M. Bunyoni était de longue date considéré comme le véritable numéro deux du régime et le chef de file des durs parmi les généraux œuvrant dans les coulisses du pouvoir. Arrêté en avril 2023 et accusé de "saper la sécurité intérieure de l'Etat", de détention illégale d'armes et d'insulte au chef de l'Etat, il s'est vu aussi reproché au cours de son procès d'avoir "commis des fétiches contre la vie du chef de l'Etat" ou encore de prise illégale d'intérêt, selon une source judiciaire.
"Pour tous ces motifs, je demande que Alain-Guillaume Bunyoni soit puni par une peine de servitude pénale à perpétuité", a requis le substitut Jean-Bosco Bucumi. Il a également réclamé une amende de 7,1 millions de francs burundais (environ 2.300 euros) et des dommages et intérêts à la hauteur du "double de la valeur des 153 maisons et terrains et des 43 véhicules qui lui appartiennent".
Le ministère public a requis 30 ans de prison pour ses six co-accusés, parmi lesquels le colonel de police Désiré Uwamahoro et un haut cadre du Service national du renseignement (SNR) Destino-Samuel Bapfumukeko. Le général Bunyoni a plaidé non coupable de tous les chefs d'accusation et a demandé sa relaxe pure et simple, en invoquant "un manque de preuves" pour étayer l'accusation. Le verdict sera rendu d'ici 30 jours.
Selon Carina Tertsakian, de l'Initiative pour les droits humains au Burundi, l'arrestation de l'ancien Premier ministre a été "le point culminant d'une rivalité personnelle entre lui et le président Évariste Ndayishimiye". "C'était une occasion en or pour le faire traduire en justice pour son implication dans des violations des droits humains.

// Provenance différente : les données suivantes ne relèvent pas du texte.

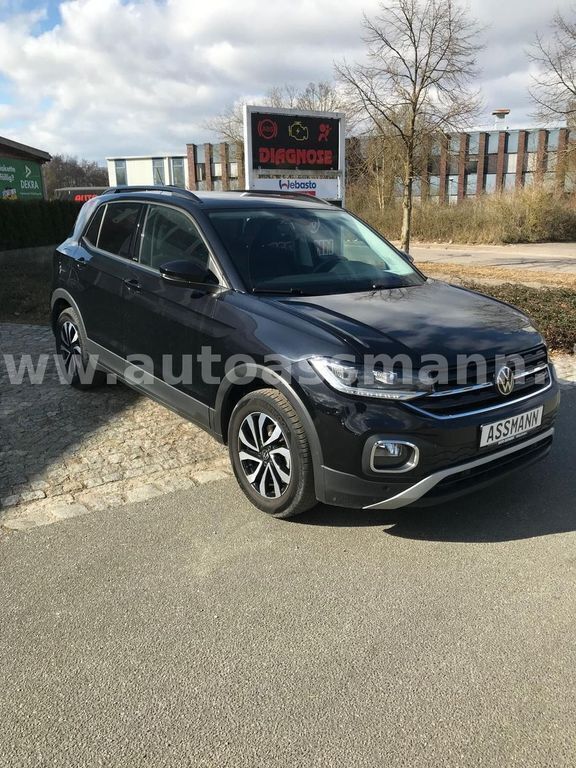 Gebraucht VW T-Cross Active 95 PS (69 kW) 2022 Schwarz SUV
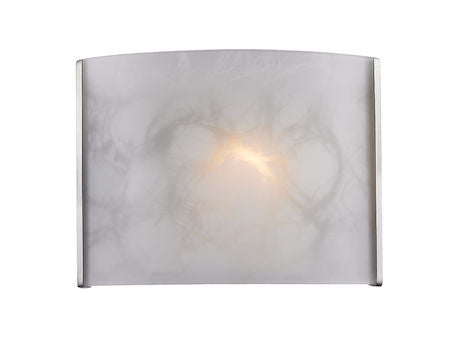 Z-Lite Ombra 1 Light Wall Sconce 1122-1S-BN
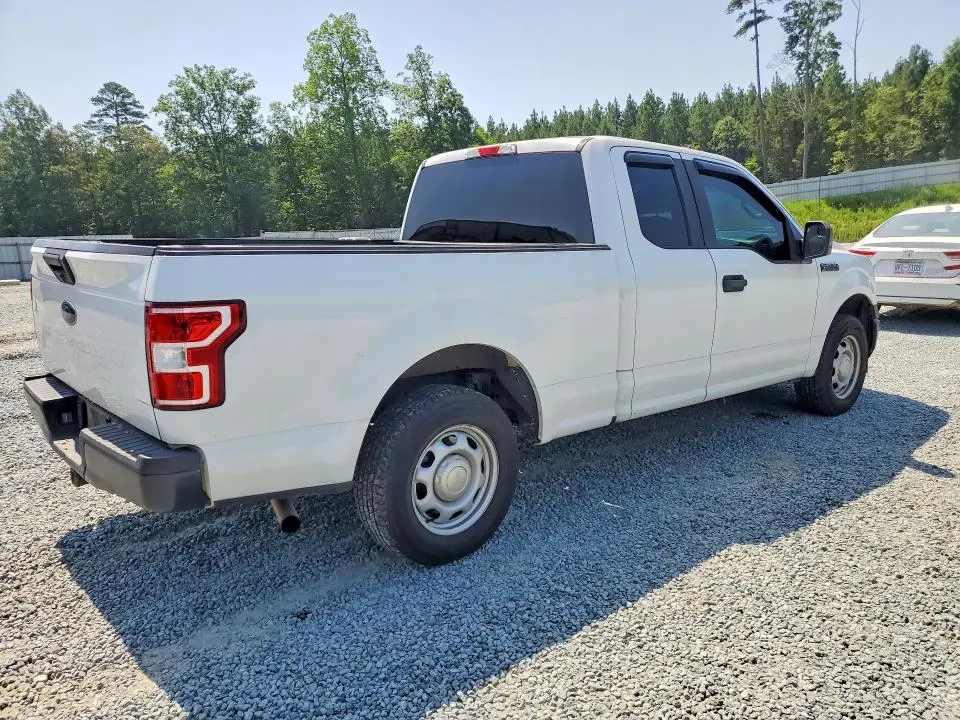 2019 FORD F150 SUPER CAB  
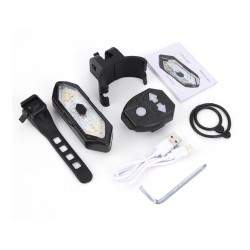 Opora zadnego fonarya ili komplekt zadnego fonarya dlya elektrosamokatov Xiaomi, Ninebot, Segway ili analogichnykh.  - 3 Opora z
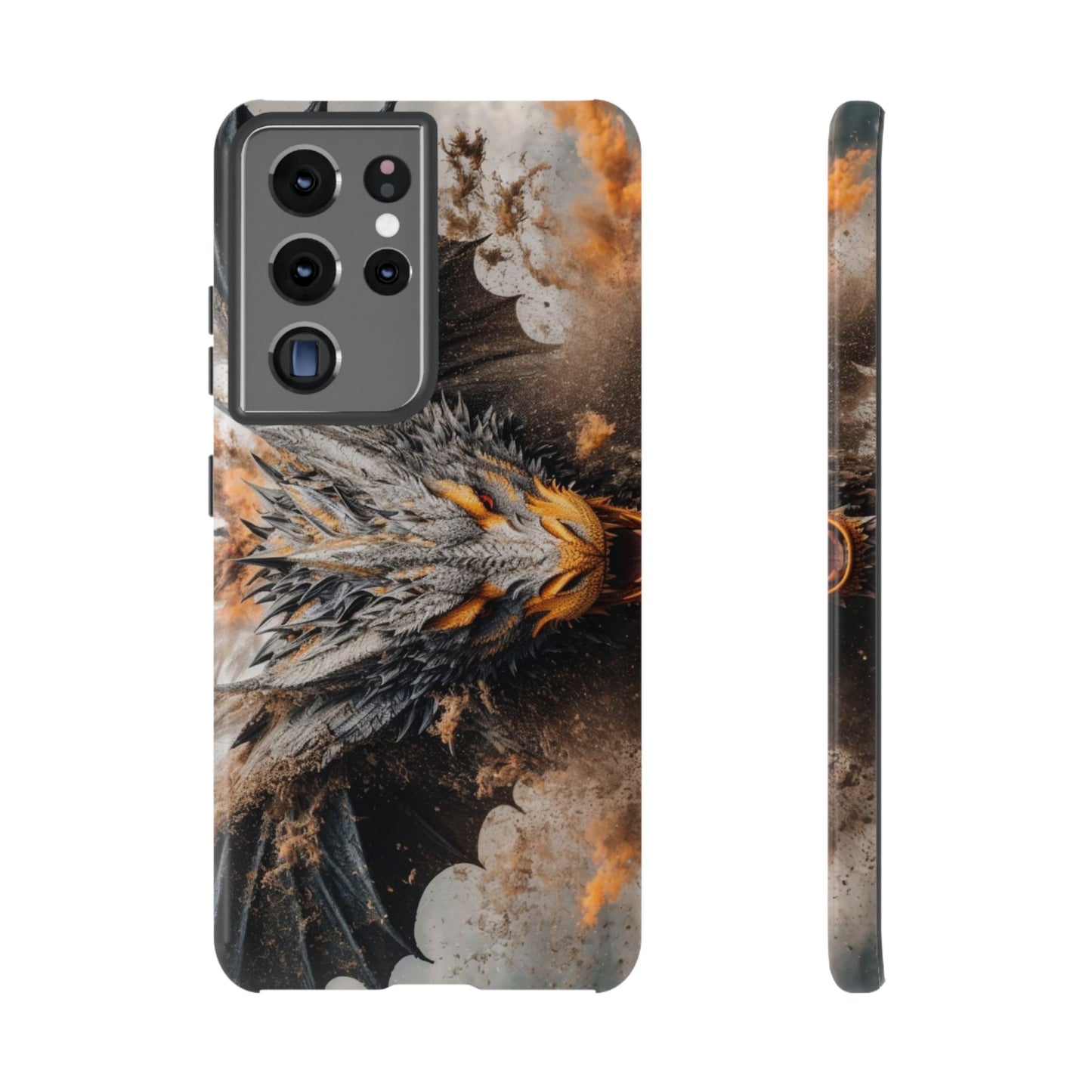 Samsung Galaxy Dragon Throne Tough phone Cases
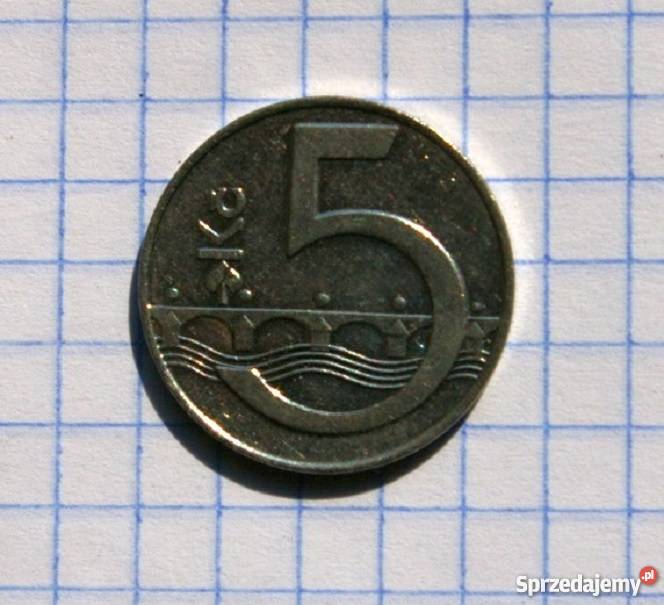 5 KORON 1993 CZECHY Piszczac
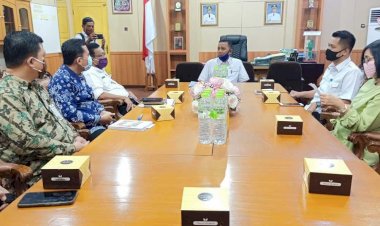 Dampak COVID-19, Wabup Bungo Gelar Rapat Bersama Pimpinan Perbankan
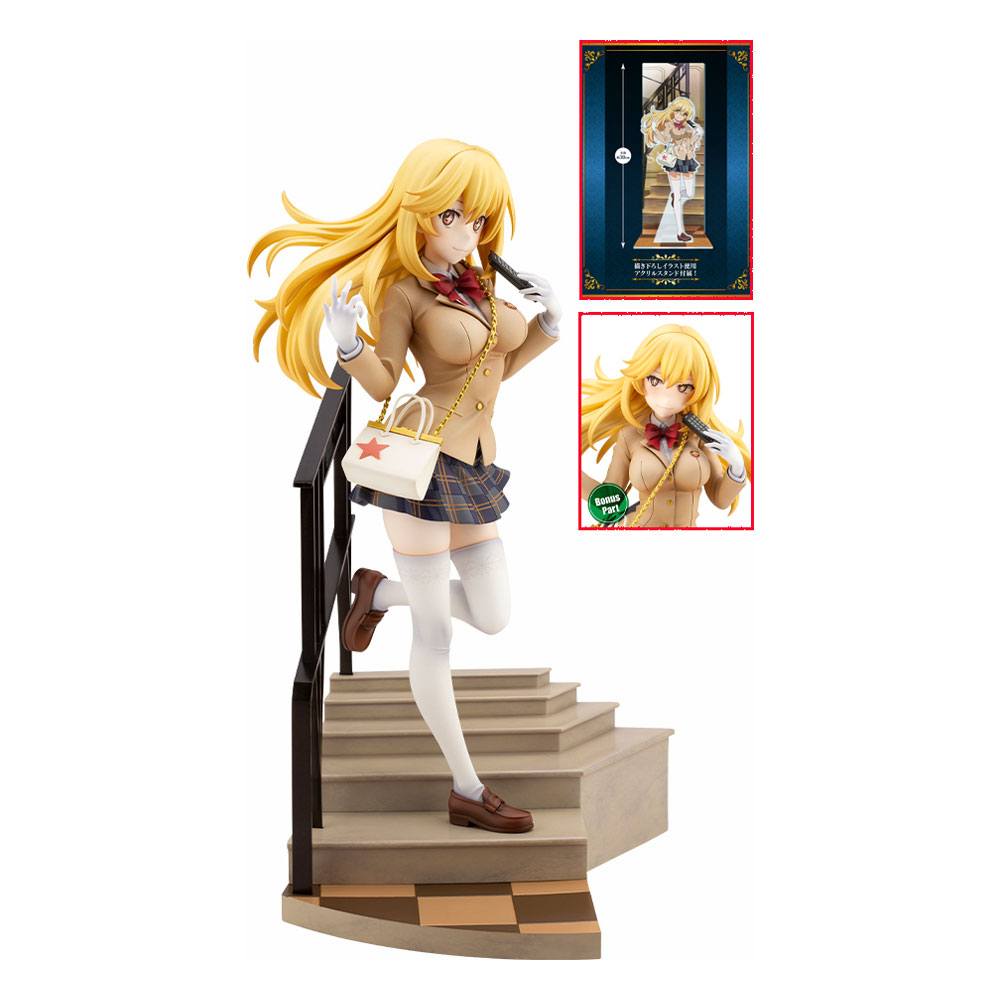 A Certain Scientific Railgun T Estatua PVC 1/7 Shokuhou Misaki 15th Anniversary Ver. Kotobukiya Luxury Ver. 27 cm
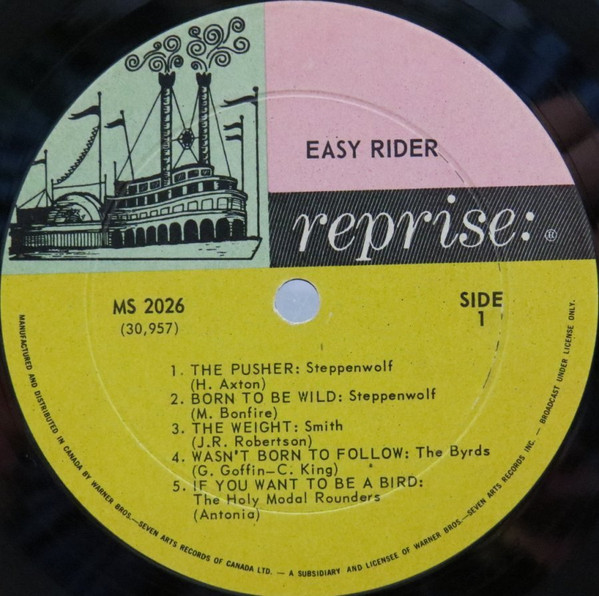 Various - Easy Rider (Music From The Soundtrack) | Reprise Records (2026) - 3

Mais malheureusement, aucune des infractions ne concerne les meurtres, les actes de torture et autres crimes commis pendant que Bunyoni était ministre de la Sécurité publique (2007-2011, puis 2015-2020)", a-t-elle déploré.
Si la communauté internationale a salué une certaine ouverture du pays depuis l'arrivée au pouvoir d'Evariste Ndayishimiye en juin 2020 après la mort soudaine de Pierre Nkurunziza, une commission d'enquête de l'ONU affirmait en septembre 2021 que la situation des droits de l'Homme restait "désastreuse" au Burundi. "Nous regrettons que les droits humains ne semblent pas figurer dans les priorités du président. Son objectif est plutôt de consolider son pouvoir et d'écarter les personnes dans son entourage qui ne le soutiennent pas", a ajouté Mme Tertsakian.